I am looking to automate the following process:
Check if a signature exists within a group of PDFs and move them to a folder accordingly

We receive about 100 PDFs (scanned images) a day, each with one signature. The PDFs are stored in a specific folder. We also have selective signatures (signatures we are interested in) stored as images. We need the robot to go through each PDF one at a time and check if the signature we are interested in exist in the PDF. If signature of interest exist, move the PDF to folder A, else, move to folder B.

I have tried using Image Exist, but no luck yet. We are looking to execute this robot as back office process in unattended mode.

Question - Is it possible to do Image Exist activity in background, without having to have the PDF open?


Looking at the images depends on your PDF. Some have the images as elements so you can simply find the selector then use OCR on the image. Some is all image based.

Yes, you can do this in back office but will require that you have correct resolution.
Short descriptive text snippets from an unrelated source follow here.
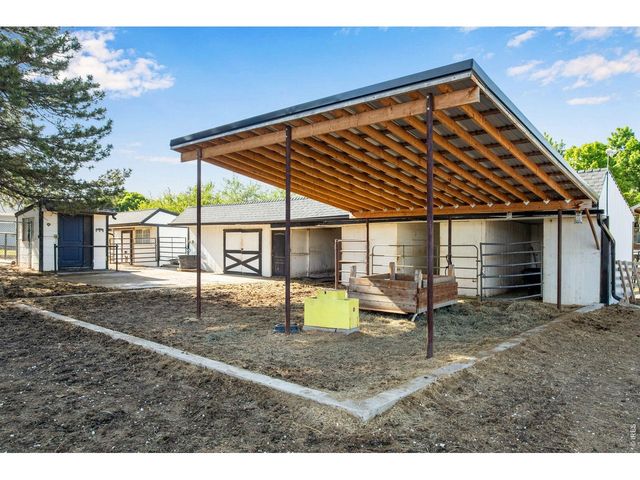 5416 S Timberline Rd, Fort Collins, CO 80528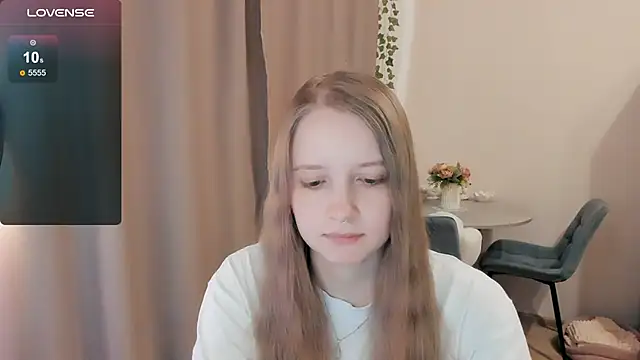 Alyaley Chat XXX in diretta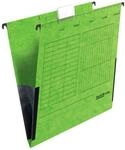 Original Falken 5er Pack H&auml;ngetasche UniReg. Made in Germany. Aus Recycling-Karton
To do this, you will probably need to kick off the Process with a Launch Workflow Interactive, and typically 1920x1080 with 32depth is used in parameters.

No, you can’t look at an image with the application in the background unless it has a selector.

The steps that I have taken to look for the signature are as follows:
- change Zoom field in your PDF viewer to ideal view for Image recognition and OCR
- Use Arrow keys and Pagedown to scroll page
- Look for image nearby the Signature box like “Please Sign Here” and stop scrolling
- Set Clipping Region using the found image element to fit around the Signature box
- Highlight new element’s clipping region for testing
- OCR using the element to convert to characters and decide if it’s empty or not
EDIT: I’m also adding that I found Google OCR will throw an error with certain Signature sizes, so I needed to make it more dynamic with a Try/Catch and decreasing the Scale by .1, but always interested in ways to improve this functionality

But, like I said this process is what I was able to get working for image only PDFs in my back office environment, and works well I must say.

Your process might be different depending how how your PDFs and Signature box are.